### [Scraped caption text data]

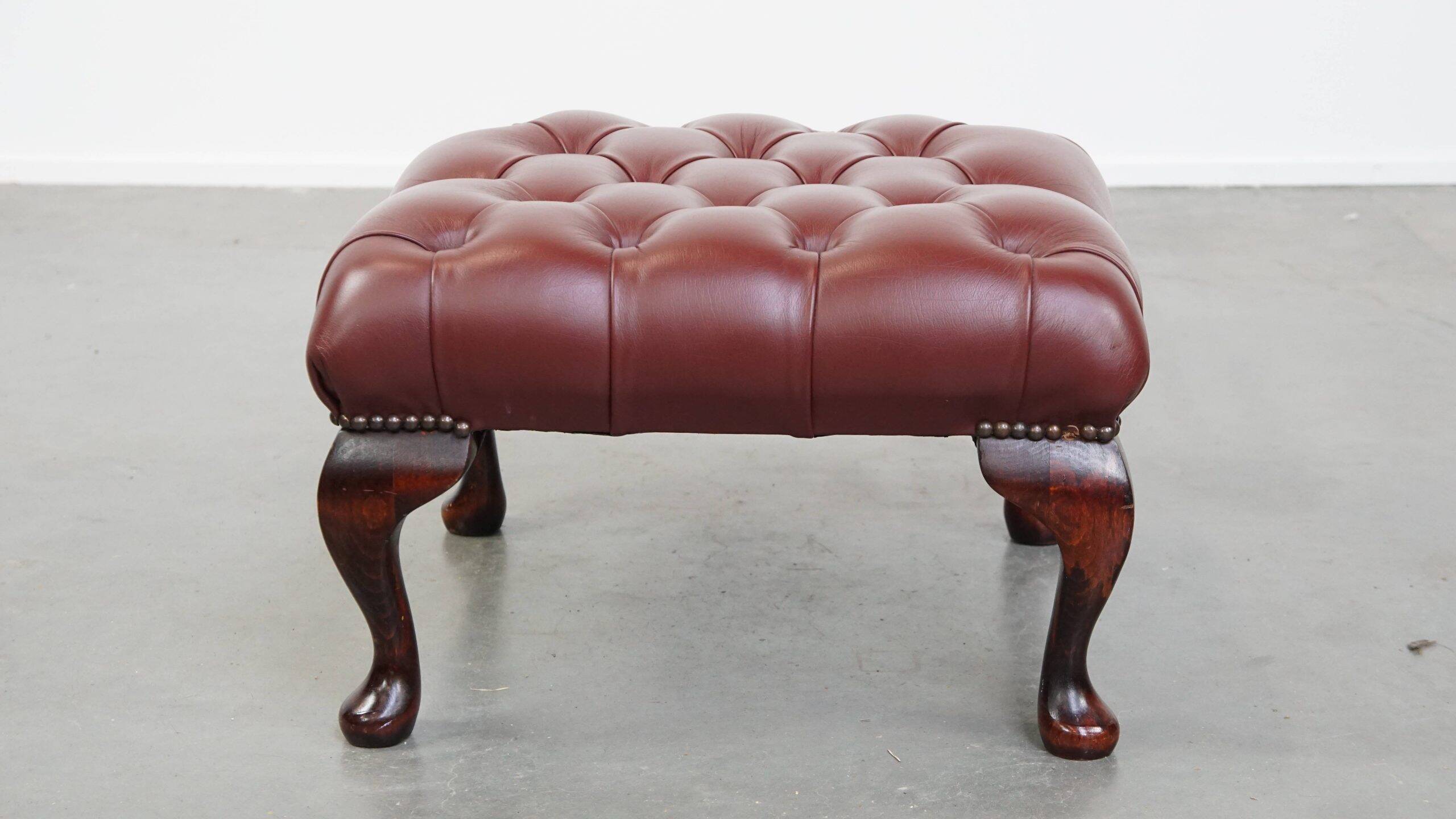 In very good condition elegant red/brown chesterfield ottoman made of cow leather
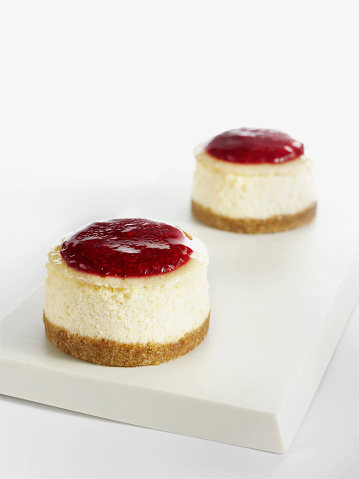 pieces of lstrawberry cheesecakes on white background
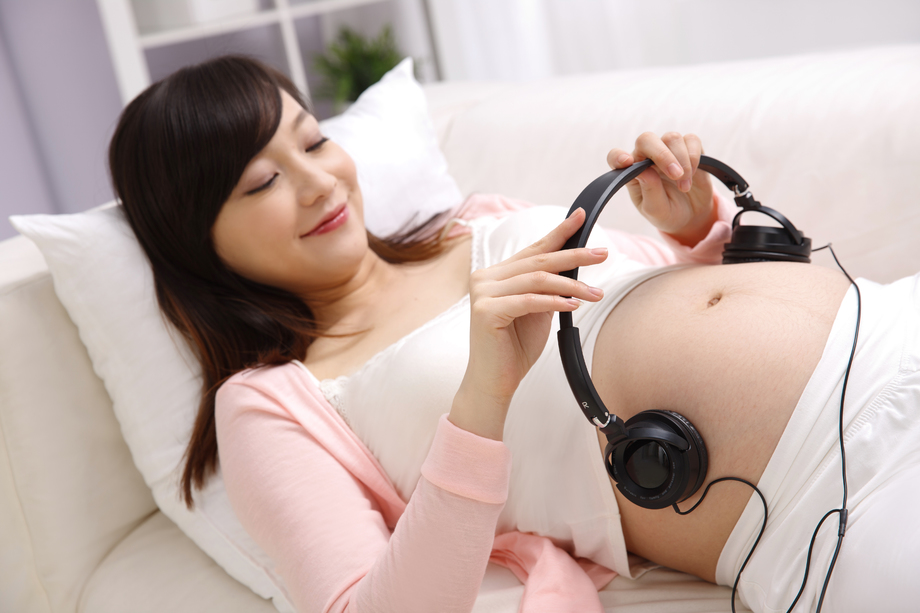 孕妇把耳机放在肚子上照片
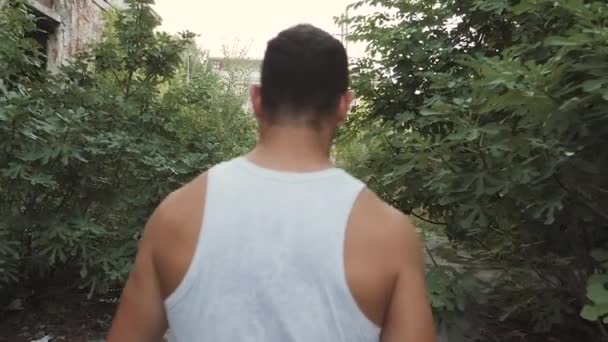 Muscular man walking in a demolished abandoned factory — Stock Video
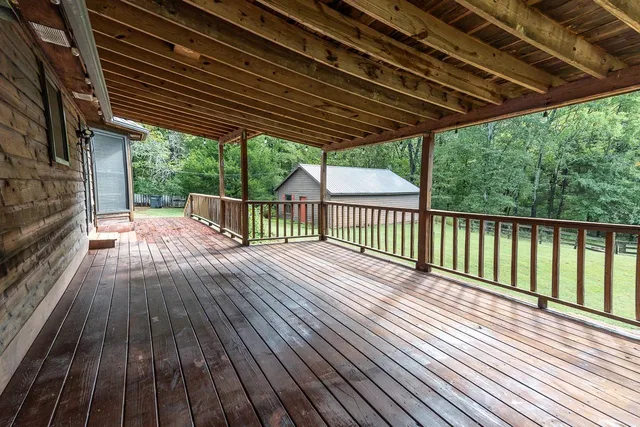 a view of porch with wooden floor in outdoor space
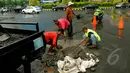 Sejumlah pekerja memperbaiki jalan yang rusak akibat banjir di kawasan Kelapa Gading. Sebelumnya, kawasan ini terendam banjir setinggi 80 cm hingga memutuskan arus lalu lintas, Jakarta, Jumat (13/2/2015). (Liputan6.com/Faisal R Syam)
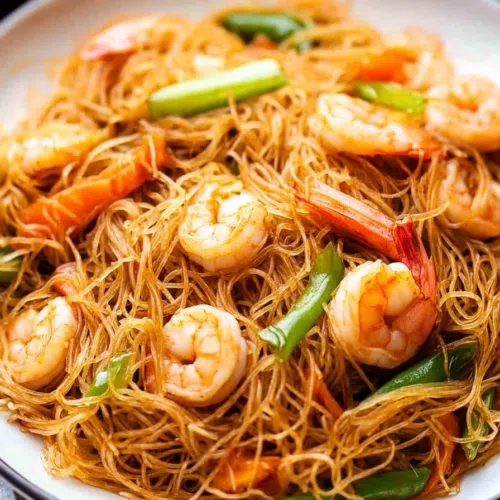 Close-up of mei fun noodles topped with plump shrimp and colorful bell peppers.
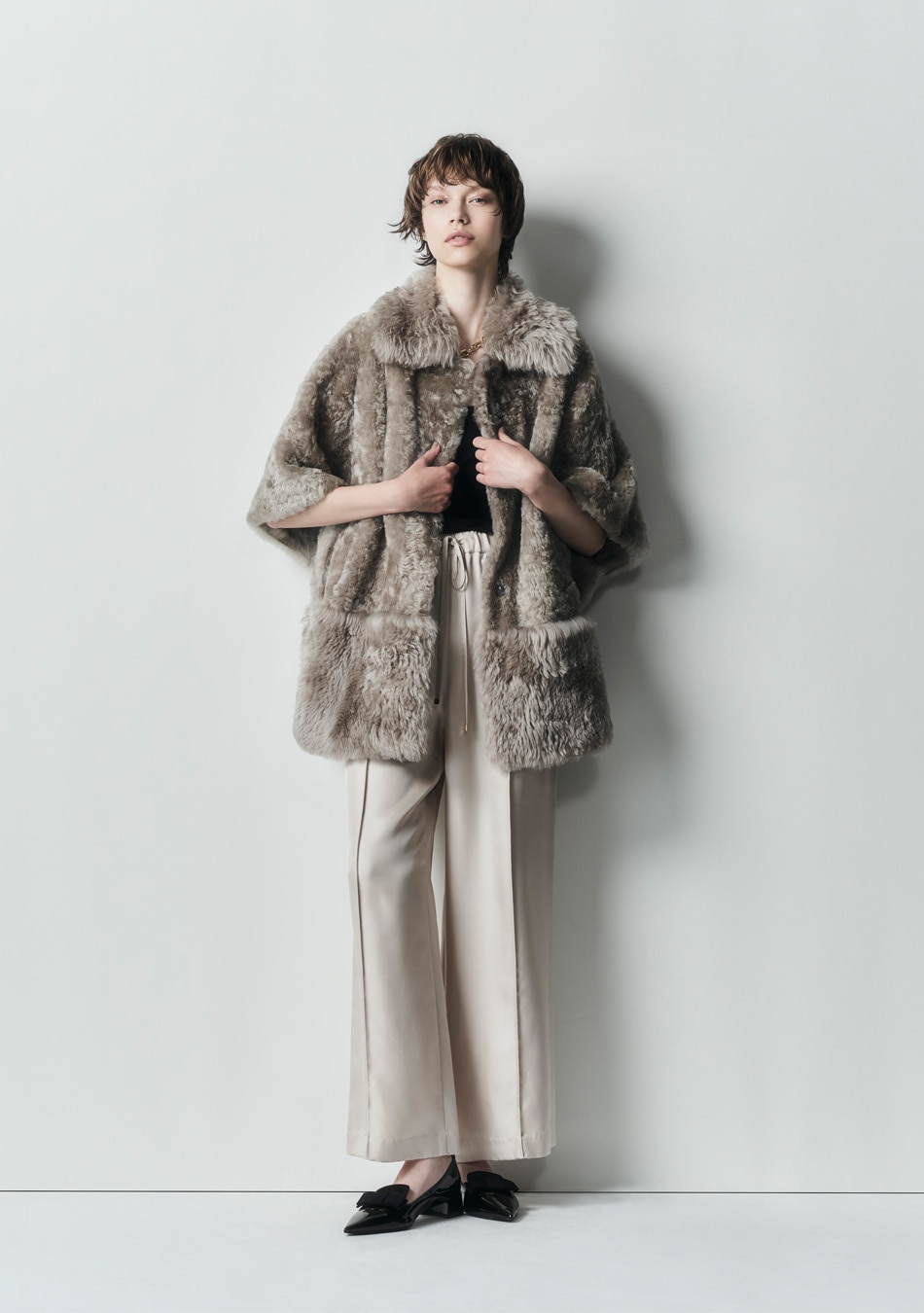 ムートンポンチョコート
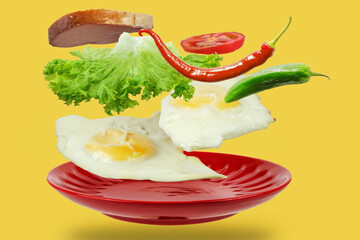 Sunny side up fried egg with slice of bread and vegetables over the red plate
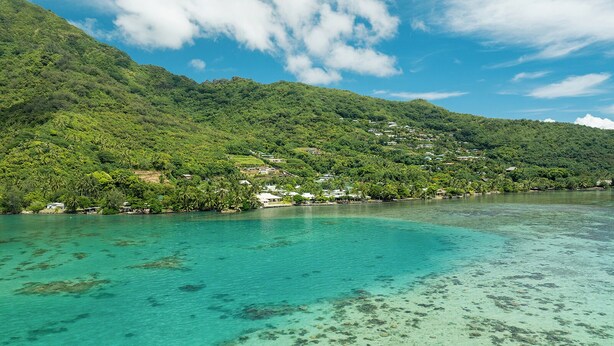 A coastal area with clear turquoise waters, a lush green hillside, and scattered buildings. - Villa Kahia by Tahiti Homes (Windward Islands)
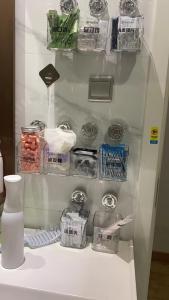 a white refrigerator with food items on a table at Hangzhou inn Time Youth Hostel in Hangzhou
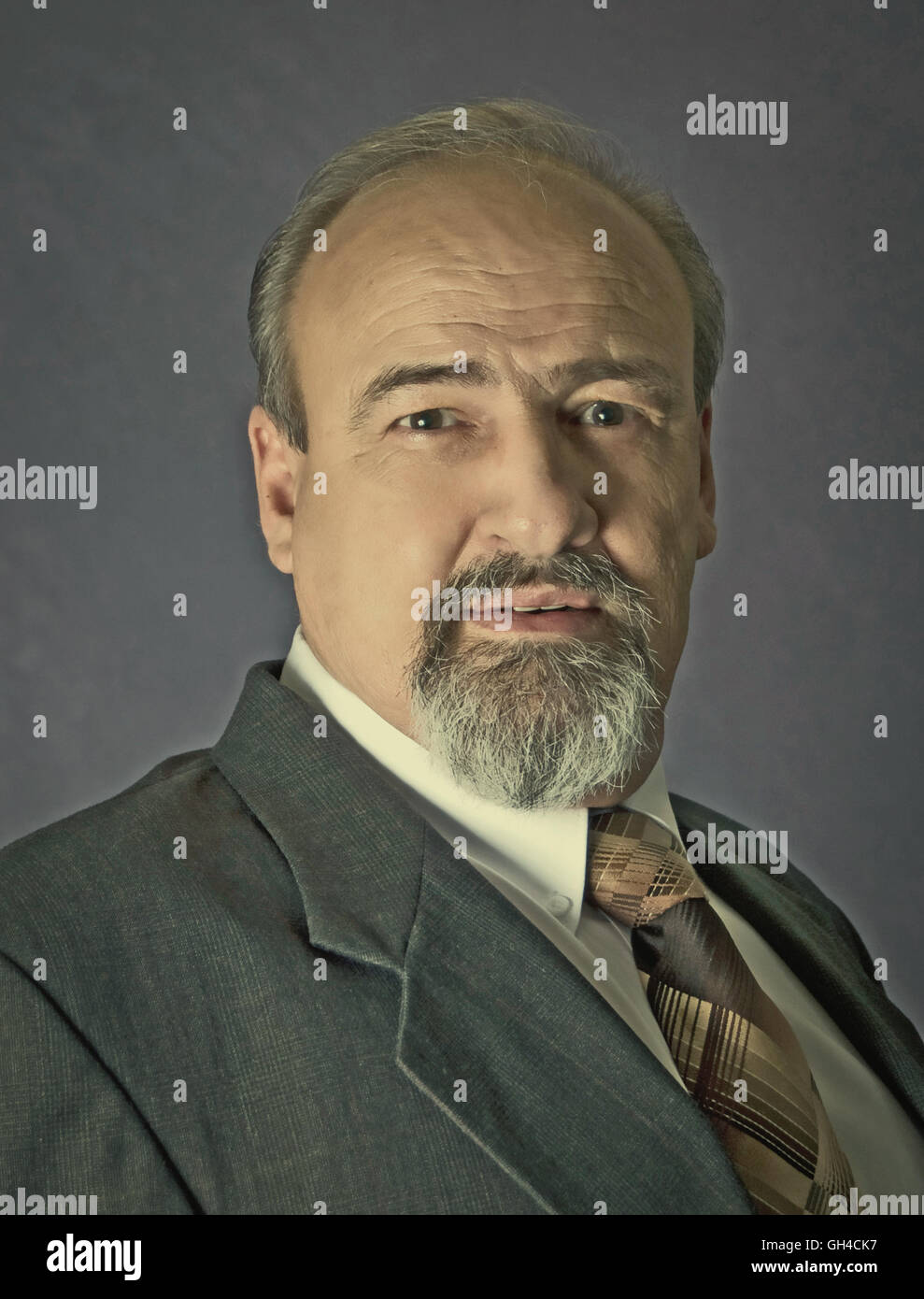 Adult male head and shoulders wearing a suit and tie. Retro instagram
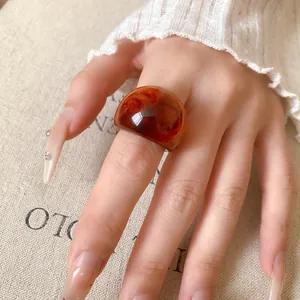 Detailed macro view of translucent amber resin ring featuring unique marbled swirled texture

### [WORK TO COMPLETE]
The job here is to retype the data exactly, with no pictures included.

### [SOLUTION FOR THIS EXERCISE]
 In very good condition elegant red/brown chesterfield ottoman made of cow leather
 pieces of lstrawberry cheesecakes on white background
 孕妇把耳机放在肚子上照片
 Muscular man walking in a demolished abandoned factory — Stock Video
 a view of porch with wooden floor in outdoor space
 Sejumlah pekerja memperbaiki jalan yang rusak akibat banjir di kawasan Kelapa Gading. Sebelumnya, kawasan ini terendam banjir setinggi 80 cm hingga memutuskan arus lalu lintas, Jakarta, Jumat (13/2/2015). (Liputan6.com/Faisal R Syam)
 Close-up of mei fun noodles topped with plump shrimp and colorful bell peppers.
 ムートンポンチョコート
 Sunny side up fried egg with slice of bread and vegetables over the red plate
 A coastal area with clear turquoise waters, a lush green hillside, and scattered buildings. - Villa Kahia by Tahiti Homes (Windward Islands)
 a white refrigerator with food items on a table at Hangzhou inn Time Youth Hostel in Hangzhou
 Adult male head and shoulders wearing a suit and tie. Retro instagram
 Detailed macro view of translucent amber resin ring featuring unique marbled swirled texture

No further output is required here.